[What needs to be done]: In the records below, find the line with "Earthquake Synod" and repeat exactly every line from it through the line with "BMW X1 2023". Pictures stay out.

[The records]:
________________

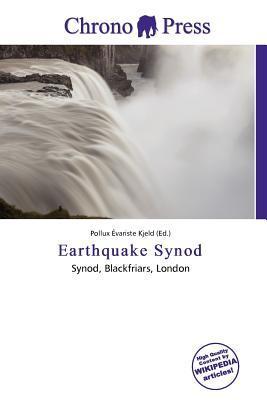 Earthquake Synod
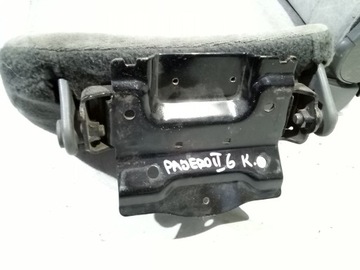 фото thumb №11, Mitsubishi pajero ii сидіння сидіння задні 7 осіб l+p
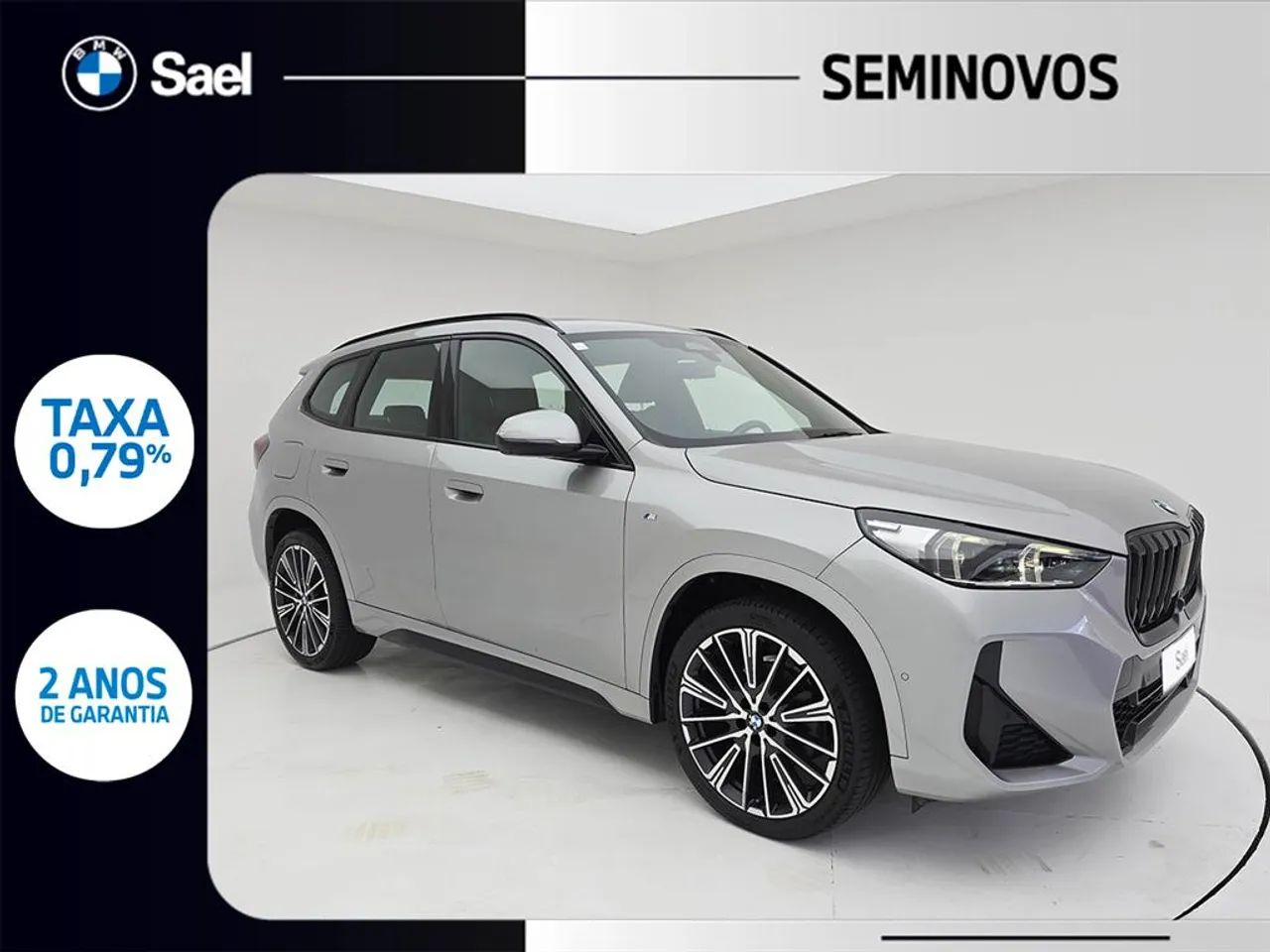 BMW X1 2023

________________

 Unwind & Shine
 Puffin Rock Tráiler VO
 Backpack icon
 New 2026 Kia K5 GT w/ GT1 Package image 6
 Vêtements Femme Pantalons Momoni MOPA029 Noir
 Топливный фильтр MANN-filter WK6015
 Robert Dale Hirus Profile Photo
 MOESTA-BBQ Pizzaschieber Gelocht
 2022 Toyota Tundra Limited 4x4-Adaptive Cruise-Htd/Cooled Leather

________________

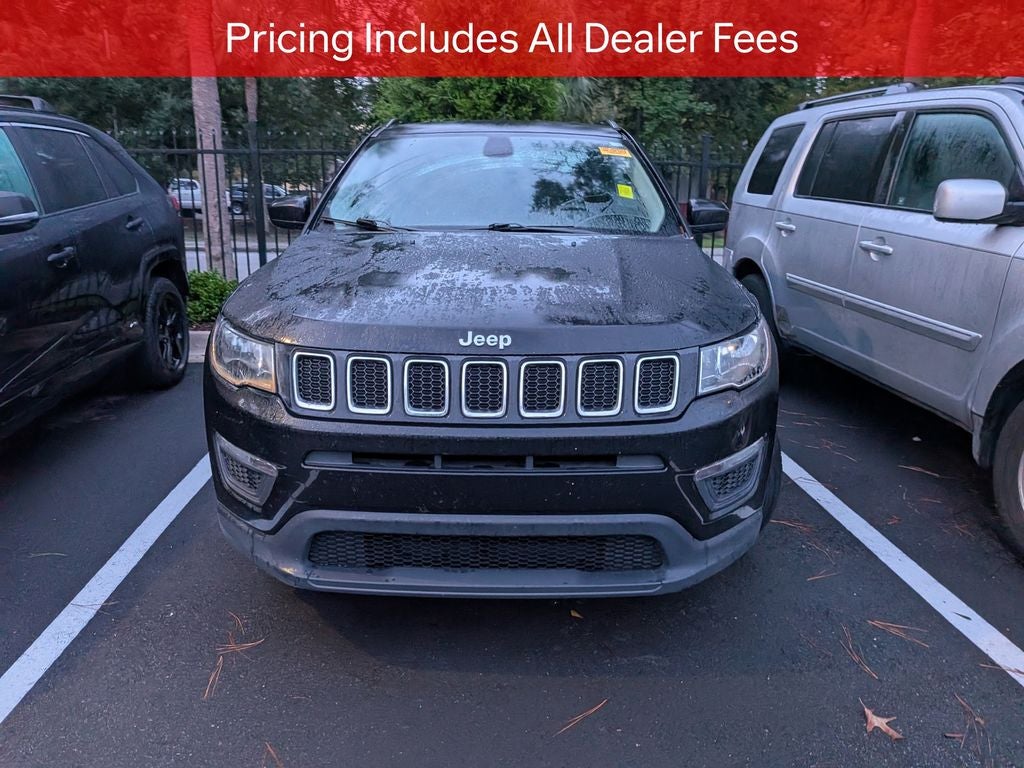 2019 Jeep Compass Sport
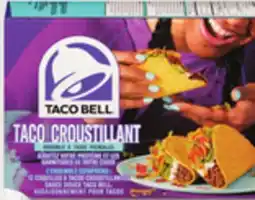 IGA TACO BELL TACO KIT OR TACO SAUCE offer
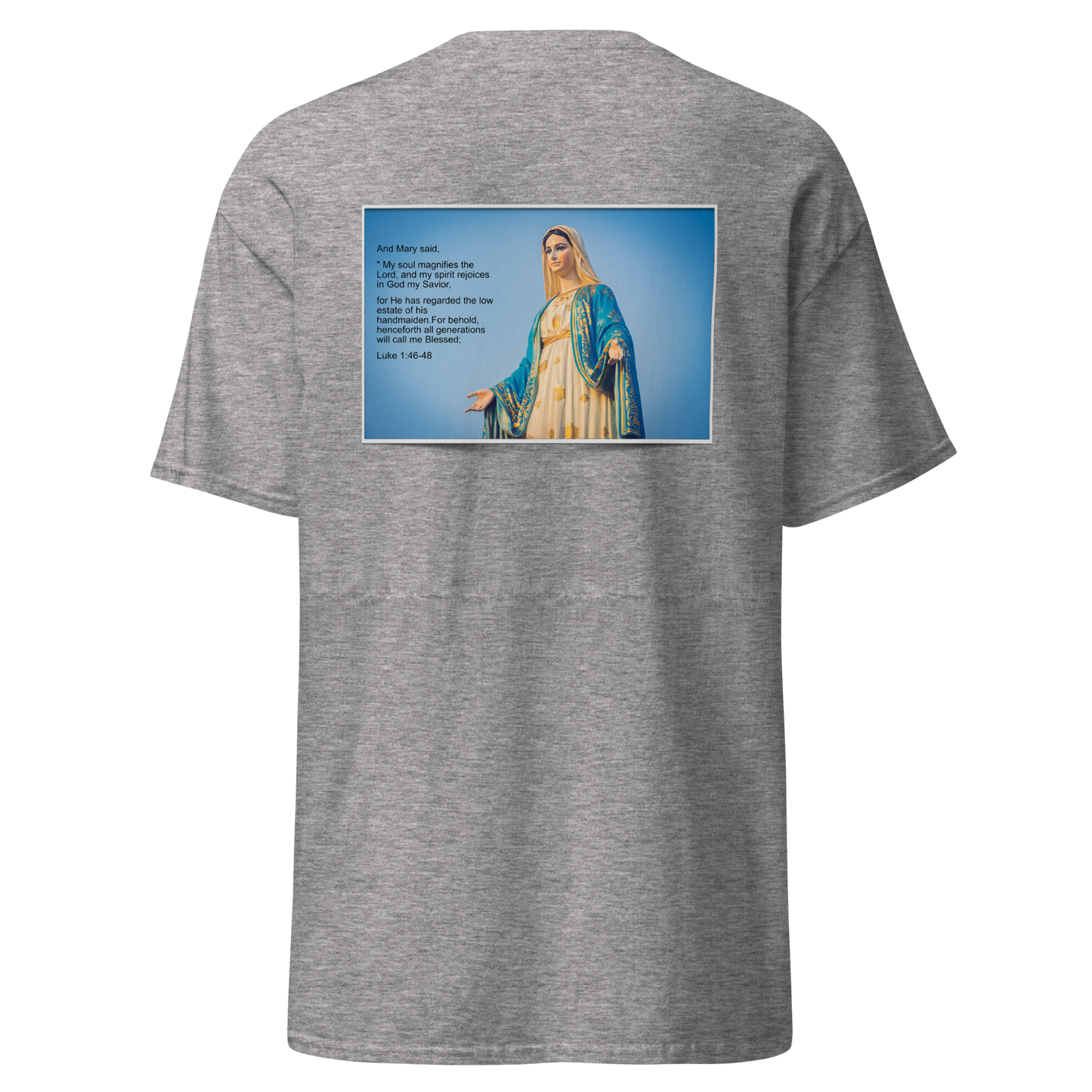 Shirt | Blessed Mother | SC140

________________

[Final answer]:
 Earthquake Synod
 фото thumb №11, Mitsubishi pajero ii сидіння сидіння задні 7 осіб l+p
 BMW X1 2023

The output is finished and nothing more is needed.